Für den WienTourismus steht Wien im Jahr 2026 ganz im Zeichen der Kulinarik. Wörtlich heißt es auf der Homepage: „Wir feiern die gastronomische Identität und die Küche Wiens. Denn Wien ist einfach zum Anbeißen.“ Umgesetzt wird dieser Anspruch unter anderem mit einem dreiminütigen Kurzfilm, der Wien, Vampire und Wiener Schnitzel zum Inhalt hat. Mit „Vienna Bites“ eröffnet WienTourismus das Kulinarikjahr 2026.
Auch das Kulinarik-Magazin „Falstaff“ hat dieses Thema aufgegriffen, wir zitieren aus dem Artikel.
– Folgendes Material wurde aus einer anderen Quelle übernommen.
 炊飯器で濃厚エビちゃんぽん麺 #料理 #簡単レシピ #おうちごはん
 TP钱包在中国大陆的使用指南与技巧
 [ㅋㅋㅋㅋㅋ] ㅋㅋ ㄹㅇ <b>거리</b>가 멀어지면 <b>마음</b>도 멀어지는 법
Anders als klassische Werbeclips erzählt der Film eine kleine fiktionale Geschichte: Ein Vampirclan streift durch Wien, besucht Würstelstände, Cafés, Museen und das Hotel Sacher, immer auf der Suche nach den besten Gaumenfreuden, die die Stadt zu bieten hat. Wiener Klassiker wie Schnitzel, Tafelspitz oder Kaiserschmarrn werden dabei zu Symbolen einer stilisierten Filmwelt.
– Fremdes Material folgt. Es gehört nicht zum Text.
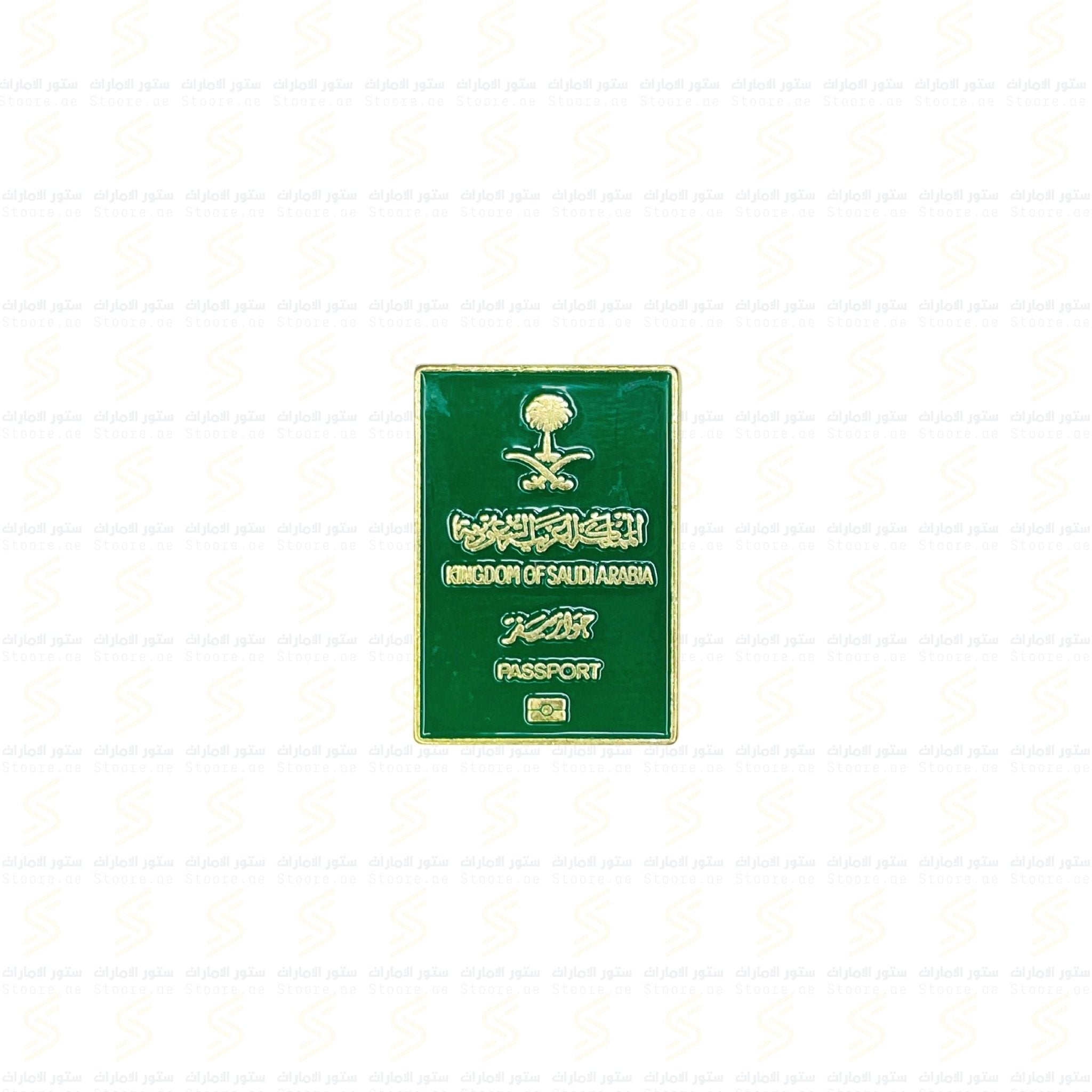 Badge Saudi Arabia Passport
Als Wien den Vampir kannte
Die Idee greift eine historische Verbindung Wiens zum Vampirismus auf, die erstmals 1725 dokumentiert wurde. Nach Berichten über angeblich untote Wesen in den östlichen Regionen des Habsburgerreiches wurde Gerard van Swieten, der persönliche Arzt von Maria Theresia, nach Wien berufen. Er untersuchte die Fälle wissenschaftlich, erklärte die Erscheinungen für übernatürlichkeitsfreie Phänomene und half damit, die sogenannte »Vampirseuche« einzudämmen.
Kino statt Kampagne
Regie führte die in Los Angeles ansässige Filmemacherin Bianca Poletti. Der Kurzfilm ist digital konzipiert und international ausgerichtet – von Deutschland über Frankreich, Italien, Spanien, Südkorea, Kanada, Großbritannien bis in die USA. Seit Februar wurden über 16 Millionen Aufrufe auf YouTube gezählt.
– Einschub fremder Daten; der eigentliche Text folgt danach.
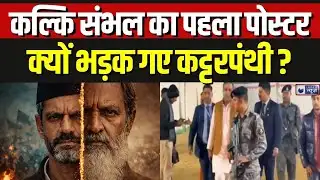 Kalki Sambhal Film Poster: उदयपुर फाइल्स के बाद कल्कि संभल मचा सियासी-सामाजिक तूफान | Breaking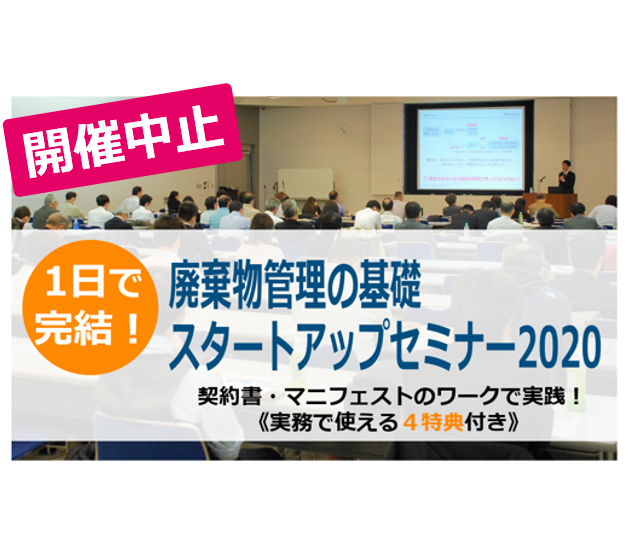 【開催中止】廃棄物管理の基礎スタートアップセミナー2020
Hier anschauen: https://www.youtube.com/watch?v=FZeF4fgN8SE
Stadtlandwirtschaft als touristisches Zugpferd
Die Wiener Stadtlandwirtschaft ist für den WienTourismus ein Positivargument, um Gäste in die Bundeshauptstadt zu bringen, wie auch die Homepage zeigt: „Die produzierende Stadt Wien ist Österreichs Gurkenhauptstadt! Aber noch viel mehr. Die Lebensmittel-Produktion in Wien reicht von Wiener Wein bis zu Pilzen.“
Und in einzelnen Kapitel wird die Vielfalt der Stadtlandwirtschaft präsentiert: Erntefrisch aus der Stadt, Wiener Wein & Heurige, Der Wiener Gemischte Satz, Delikatessen aus Wien, Wintergemüse, Die Stadt der Bienen und Soja in Wien.